TASK OBJECTIVE -
In the listing beneath this line, copy exactly the lines starting with the one containing "Homenagem às mulheres" and going on through the one containing "Provided with letter of Authenticity.".

SUPPLIED RECORDS -

-=-=-=-=-

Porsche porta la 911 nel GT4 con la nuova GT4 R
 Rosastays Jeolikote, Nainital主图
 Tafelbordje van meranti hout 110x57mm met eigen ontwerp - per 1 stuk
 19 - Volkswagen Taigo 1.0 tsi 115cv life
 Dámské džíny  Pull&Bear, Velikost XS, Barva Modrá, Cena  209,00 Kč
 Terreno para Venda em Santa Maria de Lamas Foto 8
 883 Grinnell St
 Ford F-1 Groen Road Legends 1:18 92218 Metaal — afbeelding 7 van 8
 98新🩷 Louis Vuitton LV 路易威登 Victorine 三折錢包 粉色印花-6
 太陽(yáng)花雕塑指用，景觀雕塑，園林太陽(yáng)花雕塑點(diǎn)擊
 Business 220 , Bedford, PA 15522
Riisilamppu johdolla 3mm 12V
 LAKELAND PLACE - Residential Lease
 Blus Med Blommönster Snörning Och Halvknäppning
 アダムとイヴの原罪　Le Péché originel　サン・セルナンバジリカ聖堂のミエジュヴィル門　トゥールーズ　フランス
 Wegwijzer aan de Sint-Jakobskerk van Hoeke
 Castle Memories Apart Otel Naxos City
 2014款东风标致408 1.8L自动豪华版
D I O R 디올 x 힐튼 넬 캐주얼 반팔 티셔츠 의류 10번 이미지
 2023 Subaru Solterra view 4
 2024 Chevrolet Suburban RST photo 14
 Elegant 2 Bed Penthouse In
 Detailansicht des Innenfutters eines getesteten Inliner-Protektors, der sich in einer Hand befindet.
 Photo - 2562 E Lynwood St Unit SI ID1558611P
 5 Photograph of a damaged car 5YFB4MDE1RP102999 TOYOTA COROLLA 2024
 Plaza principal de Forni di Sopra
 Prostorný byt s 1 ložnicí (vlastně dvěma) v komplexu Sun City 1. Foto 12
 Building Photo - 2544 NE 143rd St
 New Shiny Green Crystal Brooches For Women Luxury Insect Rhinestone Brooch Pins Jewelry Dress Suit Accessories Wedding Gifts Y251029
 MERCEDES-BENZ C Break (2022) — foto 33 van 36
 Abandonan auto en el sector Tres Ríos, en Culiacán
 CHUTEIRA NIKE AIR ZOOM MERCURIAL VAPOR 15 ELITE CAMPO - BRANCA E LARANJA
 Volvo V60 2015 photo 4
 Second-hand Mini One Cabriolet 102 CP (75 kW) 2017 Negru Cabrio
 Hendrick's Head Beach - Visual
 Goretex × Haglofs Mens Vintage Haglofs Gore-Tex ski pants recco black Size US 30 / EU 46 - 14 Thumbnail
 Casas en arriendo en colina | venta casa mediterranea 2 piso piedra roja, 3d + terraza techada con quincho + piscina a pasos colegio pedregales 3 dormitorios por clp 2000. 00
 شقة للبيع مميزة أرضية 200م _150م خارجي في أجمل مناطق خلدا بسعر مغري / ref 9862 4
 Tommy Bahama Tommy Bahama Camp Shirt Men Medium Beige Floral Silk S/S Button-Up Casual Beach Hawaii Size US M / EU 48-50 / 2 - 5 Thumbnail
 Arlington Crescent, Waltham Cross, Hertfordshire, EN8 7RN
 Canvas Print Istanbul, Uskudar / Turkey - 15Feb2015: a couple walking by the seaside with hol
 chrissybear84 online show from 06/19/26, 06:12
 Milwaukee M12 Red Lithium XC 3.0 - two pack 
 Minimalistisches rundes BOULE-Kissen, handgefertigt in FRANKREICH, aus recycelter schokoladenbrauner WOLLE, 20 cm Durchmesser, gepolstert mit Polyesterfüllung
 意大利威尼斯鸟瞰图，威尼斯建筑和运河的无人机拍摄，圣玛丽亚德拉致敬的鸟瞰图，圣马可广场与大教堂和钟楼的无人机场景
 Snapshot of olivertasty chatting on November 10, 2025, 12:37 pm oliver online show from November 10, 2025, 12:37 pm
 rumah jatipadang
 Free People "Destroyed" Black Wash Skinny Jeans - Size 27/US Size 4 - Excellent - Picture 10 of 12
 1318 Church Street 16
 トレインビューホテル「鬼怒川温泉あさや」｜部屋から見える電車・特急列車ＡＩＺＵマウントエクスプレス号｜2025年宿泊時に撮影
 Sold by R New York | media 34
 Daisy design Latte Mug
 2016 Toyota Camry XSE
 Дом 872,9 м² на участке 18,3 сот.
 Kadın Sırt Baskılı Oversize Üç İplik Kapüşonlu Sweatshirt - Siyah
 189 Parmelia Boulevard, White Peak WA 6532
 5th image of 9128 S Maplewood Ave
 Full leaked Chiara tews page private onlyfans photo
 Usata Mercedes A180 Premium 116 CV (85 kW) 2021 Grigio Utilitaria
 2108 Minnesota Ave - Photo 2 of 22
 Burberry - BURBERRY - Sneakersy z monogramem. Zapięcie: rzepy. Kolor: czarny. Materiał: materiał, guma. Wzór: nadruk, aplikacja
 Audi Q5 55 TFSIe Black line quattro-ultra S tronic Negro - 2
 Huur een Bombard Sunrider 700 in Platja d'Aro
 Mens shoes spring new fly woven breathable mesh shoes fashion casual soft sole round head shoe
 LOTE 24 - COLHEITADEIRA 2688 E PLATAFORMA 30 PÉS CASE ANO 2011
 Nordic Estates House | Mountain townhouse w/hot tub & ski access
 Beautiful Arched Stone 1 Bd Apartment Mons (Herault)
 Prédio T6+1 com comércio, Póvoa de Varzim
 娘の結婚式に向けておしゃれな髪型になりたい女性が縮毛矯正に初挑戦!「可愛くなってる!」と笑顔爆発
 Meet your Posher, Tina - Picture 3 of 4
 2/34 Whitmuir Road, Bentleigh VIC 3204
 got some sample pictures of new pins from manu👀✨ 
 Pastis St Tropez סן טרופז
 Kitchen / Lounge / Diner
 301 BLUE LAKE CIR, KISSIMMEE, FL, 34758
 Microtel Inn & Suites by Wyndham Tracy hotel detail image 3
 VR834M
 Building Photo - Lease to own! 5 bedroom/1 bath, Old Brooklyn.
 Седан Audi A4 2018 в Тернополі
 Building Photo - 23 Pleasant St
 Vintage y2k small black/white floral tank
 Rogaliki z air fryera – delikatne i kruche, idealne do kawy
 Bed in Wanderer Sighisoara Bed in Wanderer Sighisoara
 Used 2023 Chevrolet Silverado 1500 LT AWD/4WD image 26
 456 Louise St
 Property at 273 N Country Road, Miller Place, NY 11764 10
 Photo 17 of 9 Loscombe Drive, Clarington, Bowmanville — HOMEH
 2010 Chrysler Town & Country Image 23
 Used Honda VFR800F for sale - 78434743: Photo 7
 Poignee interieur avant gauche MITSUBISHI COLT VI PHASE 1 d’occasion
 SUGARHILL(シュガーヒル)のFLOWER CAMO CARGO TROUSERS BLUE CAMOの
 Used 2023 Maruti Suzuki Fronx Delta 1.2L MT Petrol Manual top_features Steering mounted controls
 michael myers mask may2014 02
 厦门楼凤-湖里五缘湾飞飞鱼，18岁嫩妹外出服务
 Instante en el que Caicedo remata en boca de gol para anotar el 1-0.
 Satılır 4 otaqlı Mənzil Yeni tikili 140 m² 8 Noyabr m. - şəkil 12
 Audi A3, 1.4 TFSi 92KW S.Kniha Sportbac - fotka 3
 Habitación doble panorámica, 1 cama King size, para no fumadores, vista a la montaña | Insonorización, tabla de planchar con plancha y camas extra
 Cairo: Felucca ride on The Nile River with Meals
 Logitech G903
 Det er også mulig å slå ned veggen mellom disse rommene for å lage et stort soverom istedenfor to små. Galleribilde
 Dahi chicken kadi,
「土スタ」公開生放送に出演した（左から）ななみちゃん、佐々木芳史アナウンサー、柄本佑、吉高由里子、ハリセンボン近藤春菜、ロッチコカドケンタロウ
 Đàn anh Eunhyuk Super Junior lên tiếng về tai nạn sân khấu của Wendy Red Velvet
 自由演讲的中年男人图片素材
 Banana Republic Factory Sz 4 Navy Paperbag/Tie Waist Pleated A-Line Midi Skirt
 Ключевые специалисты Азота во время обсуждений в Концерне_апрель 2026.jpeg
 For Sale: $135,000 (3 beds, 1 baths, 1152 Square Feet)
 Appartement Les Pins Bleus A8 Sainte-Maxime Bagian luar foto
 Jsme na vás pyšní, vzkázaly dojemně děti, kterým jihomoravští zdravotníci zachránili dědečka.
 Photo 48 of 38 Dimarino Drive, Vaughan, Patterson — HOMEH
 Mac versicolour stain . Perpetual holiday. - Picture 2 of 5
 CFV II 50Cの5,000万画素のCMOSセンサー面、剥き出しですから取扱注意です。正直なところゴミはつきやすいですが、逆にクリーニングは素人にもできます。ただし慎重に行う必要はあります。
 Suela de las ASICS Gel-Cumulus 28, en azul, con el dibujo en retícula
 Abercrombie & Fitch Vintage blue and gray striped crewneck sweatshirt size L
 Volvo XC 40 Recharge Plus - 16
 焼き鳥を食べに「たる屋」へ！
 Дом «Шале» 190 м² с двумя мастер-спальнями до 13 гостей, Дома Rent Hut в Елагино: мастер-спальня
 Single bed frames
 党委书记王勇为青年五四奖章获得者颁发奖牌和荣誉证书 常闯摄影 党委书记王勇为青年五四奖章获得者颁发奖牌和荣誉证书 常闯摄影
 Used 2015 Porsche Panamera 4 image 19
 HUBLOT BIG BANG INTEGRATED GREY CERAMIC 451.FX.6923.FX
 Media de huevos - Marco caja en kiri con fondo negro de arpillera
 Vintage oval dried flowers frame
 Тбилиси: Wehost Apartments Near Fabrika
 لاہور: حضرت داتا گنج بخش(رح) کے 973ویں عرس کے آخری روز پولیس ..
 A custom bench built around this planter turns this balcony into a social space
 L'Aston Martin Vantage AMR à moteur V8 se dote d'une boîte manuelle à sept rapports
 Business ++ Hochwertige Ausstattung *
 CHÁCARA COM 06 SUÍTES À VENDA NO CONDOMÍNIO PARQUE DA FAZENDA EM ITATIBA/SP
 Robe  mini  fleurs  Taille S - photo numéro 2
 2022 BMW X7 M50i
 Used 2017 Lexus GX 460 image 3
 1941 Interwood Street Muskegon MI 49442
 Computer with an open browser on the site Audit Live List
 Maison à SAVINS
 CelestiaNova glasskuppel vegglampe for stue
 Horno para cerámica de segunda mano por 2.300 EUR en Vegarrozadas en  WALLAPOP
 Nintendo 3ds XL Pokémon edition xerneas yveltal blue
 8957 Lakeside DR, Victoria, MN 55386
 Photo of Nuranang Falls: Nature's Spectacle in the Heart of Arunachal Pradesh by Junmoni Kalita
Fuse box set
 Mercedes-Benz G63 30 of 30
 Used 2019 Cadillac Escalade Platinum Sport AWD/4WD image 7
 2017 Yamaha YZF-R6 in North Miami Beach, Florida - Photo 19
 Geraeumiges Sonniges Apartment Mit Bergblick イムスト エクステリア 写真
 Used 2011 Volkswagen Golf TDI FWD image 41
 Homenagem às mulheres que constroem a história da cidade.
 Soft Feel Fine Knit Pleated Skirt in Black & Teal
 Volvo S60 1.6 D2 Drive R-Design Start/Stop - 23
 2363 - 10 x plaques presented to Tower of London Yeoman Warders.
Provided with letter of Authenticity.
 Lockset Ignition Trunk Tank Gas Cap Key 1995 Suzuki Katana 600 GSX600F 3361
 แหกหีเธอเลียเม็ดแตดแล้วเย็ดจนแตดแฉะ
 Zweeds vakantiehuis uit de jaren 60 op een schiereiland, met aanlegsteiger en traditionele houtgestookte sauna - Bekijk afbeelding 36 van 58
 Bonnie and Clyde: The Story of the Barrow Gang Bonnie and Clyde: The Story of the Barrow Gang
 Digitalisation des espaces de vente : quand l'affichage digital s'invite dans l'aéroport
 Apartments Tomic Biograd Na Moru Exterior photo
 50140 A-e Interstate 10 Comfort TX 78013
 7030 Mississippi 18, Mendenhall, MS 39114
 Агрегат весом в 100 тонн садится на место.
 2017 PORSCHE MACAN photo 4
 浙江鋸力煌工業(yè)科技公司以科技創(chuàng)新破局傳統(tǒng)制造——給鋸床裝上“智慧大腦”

-=-=-=-=-

FINAL ANSWER -
 Homenagem às mulheres que constroem a história da cidade.
 Soft Feel Fine Knit Pleated Skirt in Black & Teal
 Volvo S60 1.6 D2 Drive R-Design Start/Stop - 23
 2363 - 10 x plaques presented to Tower of London Yeoman Warders.
Provided with letter of Authenticity.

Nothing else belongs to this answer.